I’ve been researching bikes online and I’ve test rode a few at some local bike shops. I’ve got a 17 year-old Univega rigid steel mountain bike that I inherited from my Dad. It’s not in great shape because I haven’t rode it in years nor have I ever really done anything to maintain it. I could probably fix it or have it tuned-up and ride it again but I’m interested in getting something new.

I’ve never bought a bike before. Aside from the Univega, the only bikes I’ve ever owned were purchased by my parents when I was a kid. I’ve been thinking about buying a hybrid because I really don’t think I’ll be doing anything too crazy but then again I don’t want to be afraid to jump a curb or ride off the pavement. I grew up riding my bikes anywhere they would take me and I never thought about needing a specific type of bike for the streets versus dirt. Some of my favorite riding as a kid was off the pavement.

Several days ago (9-Feb-2012) I was researching more bikes online, something I’ve spent many hours on now. I saw a post on bikeforums.net about Salsa Fargo which led me to the Salsa website. After checking out all their bikes, I was interested in the Salsa Casseroll based on it’s description as being a relaxed road bike. Searching Google led me to a review of the Casseroll done by Arleigh Jenkins, a.k.a. BikeShopGirl. After reading her review of the Casseroll, I started poking around more on Arleigh’s blog. Arleigh is an advocate for women in cycling but that doesn’t mean she doesn’t have great content for boys and girls alike. At the time, the most recent post on Arleigh’s blog was titled, Get a Bike for Free – Ride Your Bike – Report About It. That post titleΒ  was intriguing considering it started with “Get a Bike for Free”. So, I continued reading and found out that this company called Foundry Cycles was giving away 5 bikes to people who would be willing to spend a year acting as ambassadors for the brand. Foundry wants people to take their bikes, to races, local events, bike shops, coffee shops, etc. Basically, they want you to talk to people about their bikes. I think this would be a really great way to get a bike, and more importantly commit to riding.

This led me to start researching Foundry Cycles. I’m cautious about things I read on the Internet and I’d never even heard of Foundry Cycles. I started by checking out their website and when I exhausted all the links there, I checked out everything they had on Facebook. I quickly figured out that Foundry was a new brand from Quality Bicycle Products or QBP. So that let me to the QBP website where I investigated the parent company further. I wasn’t familiar with QBP but I was familiar with a couple of their other bands – Salsa and Surly. I also found some information about the Foundry lineup at MTBR, in their coverage of Interbike 2011.

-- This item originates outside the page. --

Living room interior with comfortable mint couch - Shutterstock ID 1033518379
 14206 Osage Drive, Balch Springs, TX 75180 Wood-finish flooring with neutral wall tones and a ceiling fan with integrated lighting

That was about it, I went back to my research on hybrid bikes and didn’t give Foundry much more thought. Then a couple days ago, I mentioned the Foundry Tradesmen program to my wife. She’s probably sick of hearing me talk about bikes by now but thankfully, she still listens to me ramble on. Later, I mentioned the program to a few friends and received some encouragement to give it a try. I’ve got an idea for a video that I can submit as my entry so I’m going to start working on that.

I don’t have any idea what will happen but, even if I don’t get selected, it will still be fun to create the video. I work supporting technology and I’ve started to specialize in video editing and broadcasting. The problem is, while I recommend equipment, configure computers, setup cameras, and other studio gear, I don’t really ever get to create any of my own content. The last time I created something in the video medium was 1995.

So I’ve decided to give this a try. I hope Foundry Cycles will like my video and people will vote for me because I think I’m a good candidate and because I think it would be a great way to spend a year reintroducing myself to bicycling.